"Ceremony is a conscious act of connecting to the vast web of life. We express gratitude for this connection as we partner with all our relations and move into deep communion, finding our common union, with Nature Consciousness.”
Ceremony and Nature Consciousness
As we take part in Earth-honoring ceremonies, we find we are guided into appropriate, effective action on behalf of Nature. At the same time, the intentions and gestures of the ceremony activate beneficial responses in the seen and unseen worlds—the ceremony itself becomes sacred activism.
Nature Evolutionaries enter into deep and holy conversations with the forces of Nature through Ceremony. In this way we come with sincere and open hearts to offer gratitude and receive inspiration and guidance from the spiritual forces of the more-than-human world.
Nature Gratitude Circles
We give praise and thanks and also focus our intentions for bringing balance to particular situations. For example, if we are intending that a body of water be restored to health, we first offer thanks for healthy, living water, then ask for the release of the misunderstandings and greed that led to polluting it, then set the strong intention for all our waters to be free and pure. We may visualize the beauty of free-running streams and clean rivers. Key to the whole ceremonial act is our heartfelt love for our mother earth in all her forms: rocks, trees, waters, weather, animals… and our fellow humans.

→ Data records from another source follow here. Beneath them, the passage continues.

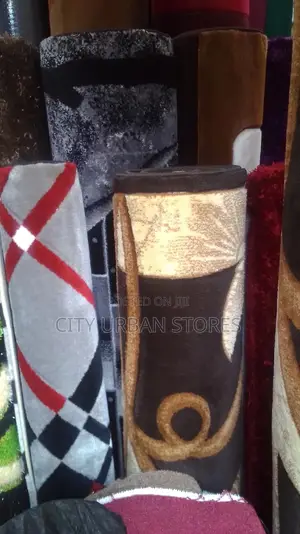 Plush Woolen Carpets (Rugs)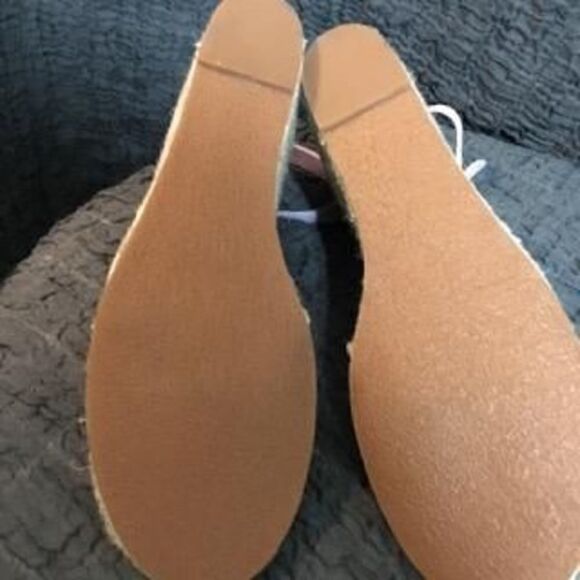 Sage and Simple Lilac Open Toe Wedge Sandals Size 10M - Picture 9 of 11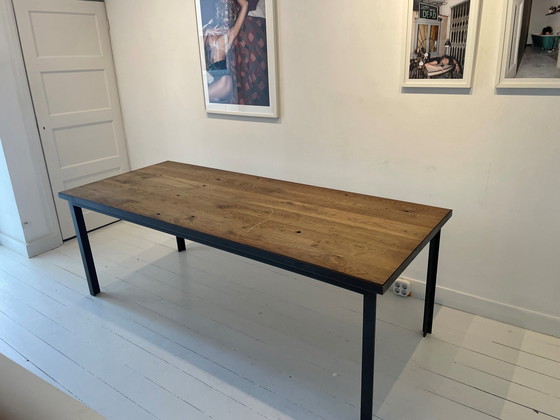 Image 1 of Table en bois de chêne brut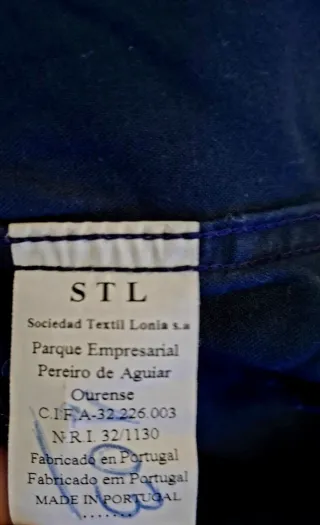 Camisa azul con detalles rojos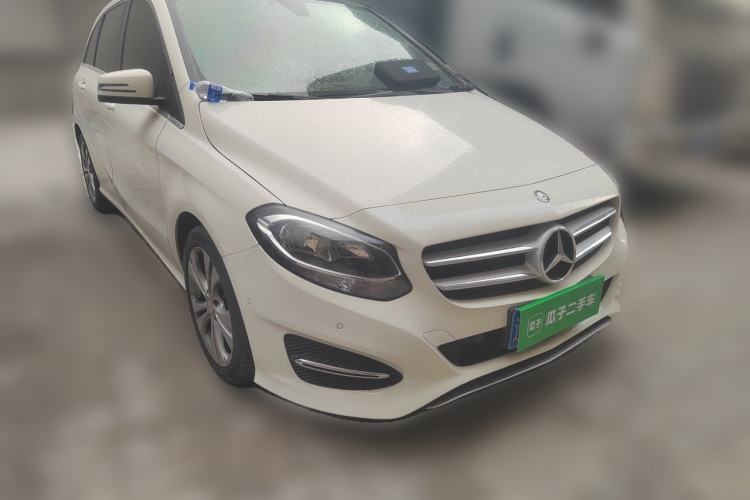Used Mercedes-Benz B-Class 2015 B 200 Sport Edition Front Right 45 Deg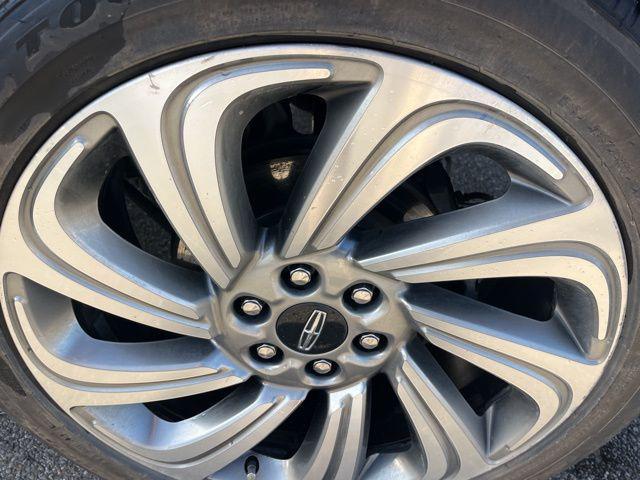 used 2022 Lincoln Navigator car, priced at $55,479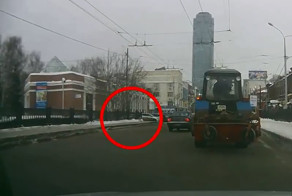 В Екатеринбурге Volvo сбил пешеходов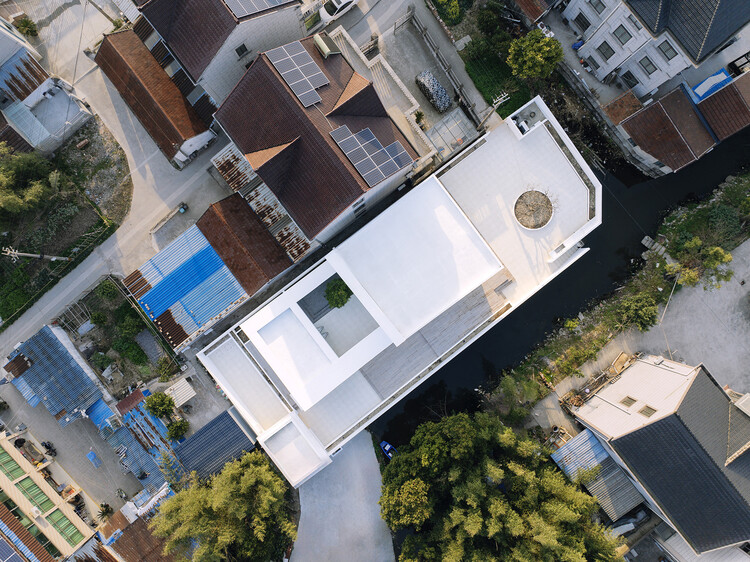 Qhouse / Yuanxiuwan Architect＆Associates-インテリア写真、バルコニー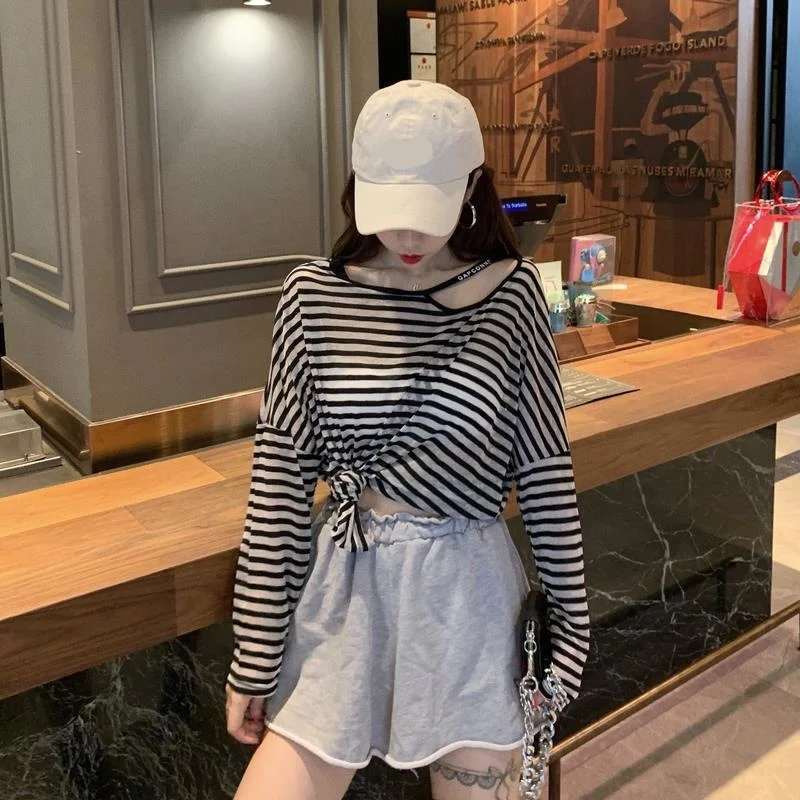 

Korean xinjilu clavicle thin long sleeve T-shirt with hollow loose stripe sunscreen top for women's spring 2021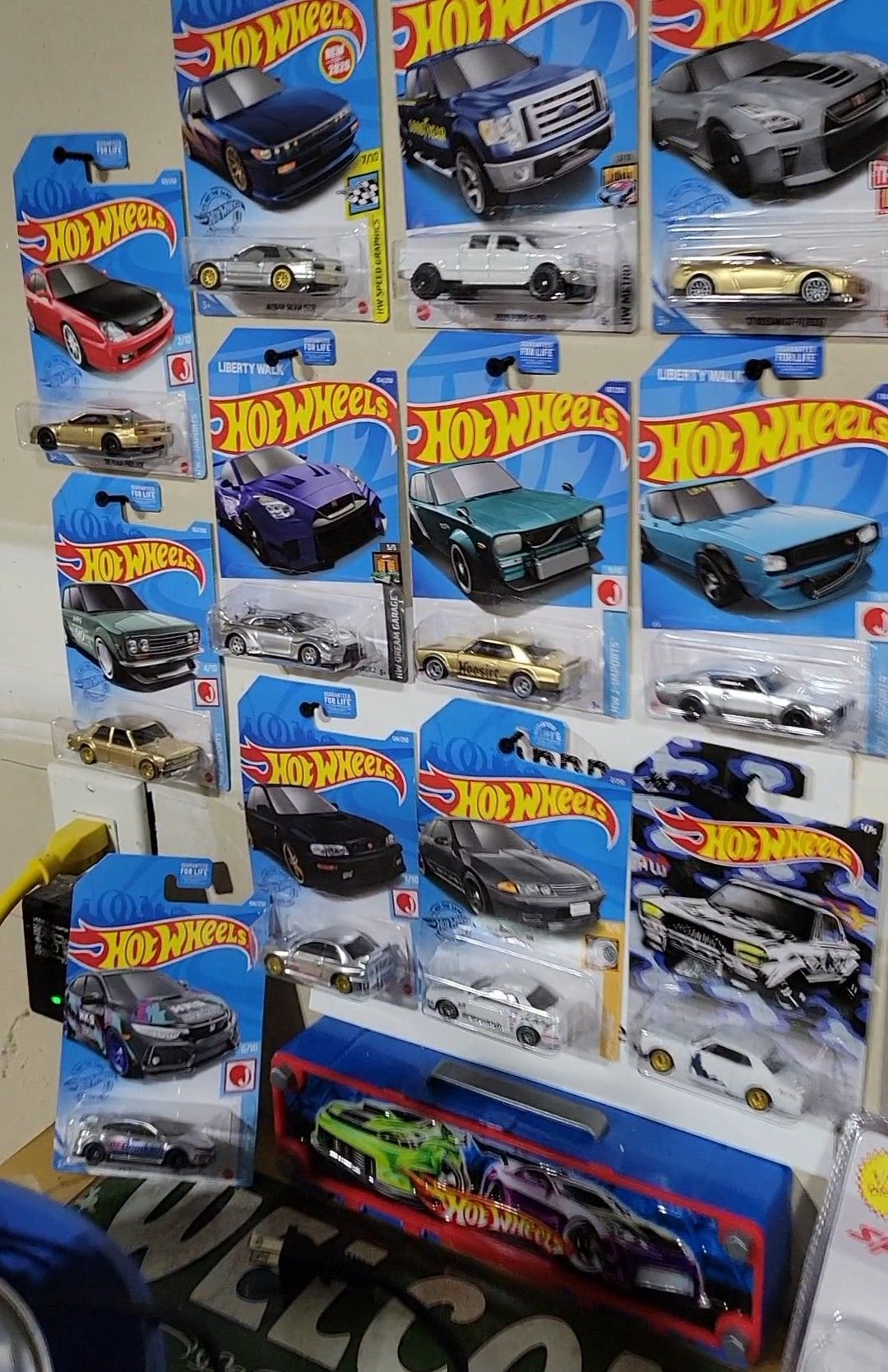 Whatnot   20 CUSTOM Hot Wheels🔥New Stock, Treasure Hunts, Haulers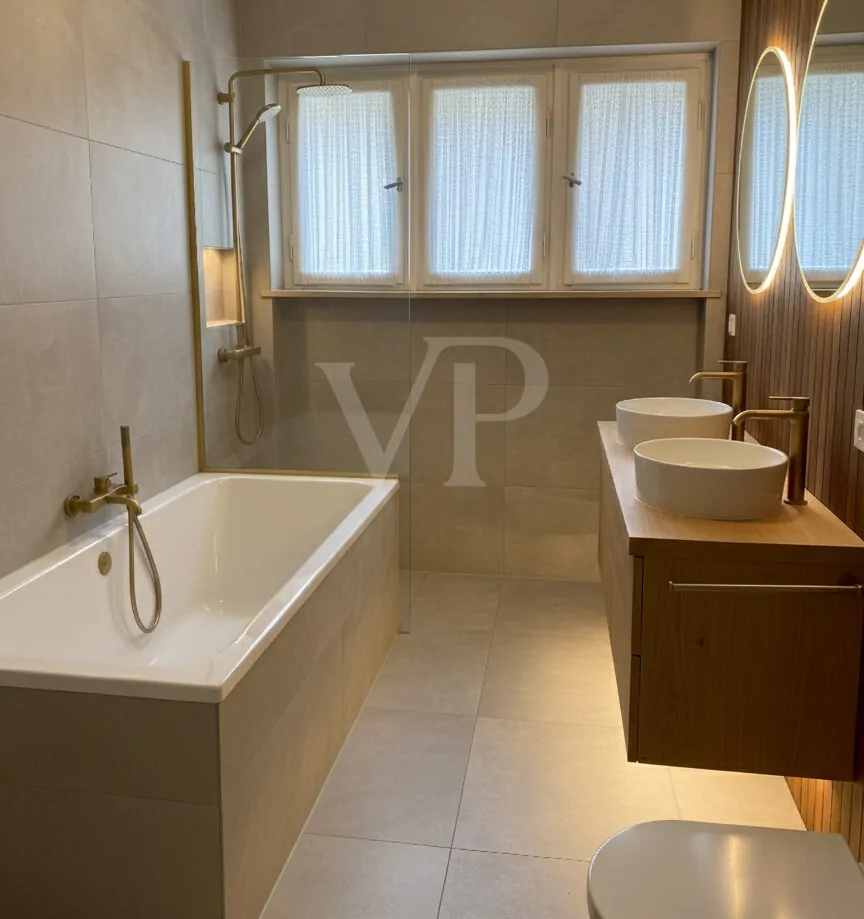 KI-EG-Tageslicht-Bad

We invite you to join us by holding Gratitude Circles of your own, and to inspire you along this path, we have outlined some of the basic elements you might want to include below.
Guidance For Your Own Ceremony
Though a ceremony needs a form, and forms that are repeated over time gain power, you will find that a spirit of spontaneity and playfulness is also welcome. Maybe you will be moved to dance or drum or sing. The spirits of nature are fed by happiness and beauty! To see the illustrations more fully, click the images below.
A place is dedicated for the "ritual" altar setting. This altar can be outdoors or inside, large or small. It may hold symbolic items that embody qualities or beings that we want to invoke in the ceremony –such as stones, plants, or feathers. Usually each of the seven directions are present as well as the elements of earth, air, fire and water. Since this ceremony is especially for water, a large bowl of water is placed on the altar. Flowers and a lit candle are traditional, evoking beauty, life and light.
The participants become ready. This is a form of purification in which we become clear channels of blessing. Smudging is a traditional method. Some might use ablutions with water. A basic preparation is simply taking some long deep breaths to settle oneself and clear one’s energy, setting a vibration of peace.
Sometimes it is appropriate to ask forgiveness from the element we are honoring, expressing our remorse: along with our gratitude. From this place we can clearly state and internally feel our intention for right relationship or original wholeness with this element. For example, we may have acknowledged water pollution and now we send our love and intention for the health and purity of the waters to be restored.
We perform a ritual action of giving back, in the case of a water ceremony we may pour water that has absorbed our love and the blessings of the ceremony into a brook, with the intention of its carrying a pattern of wholeness to the waters of the world (for practical reasons this may be done after the Closing) Or we may simply dedicate ourselves to an action on behalf of Earth healing.
Sometimes this is done with a song or chant. It reinforces the communal nature of the ceremony (even if it seems you are working alone, in fact we are all part of a great community). Also, if we have called in spiritual helpers, at this time we acknowledging to them that we are closing the ceremony, with our thanks.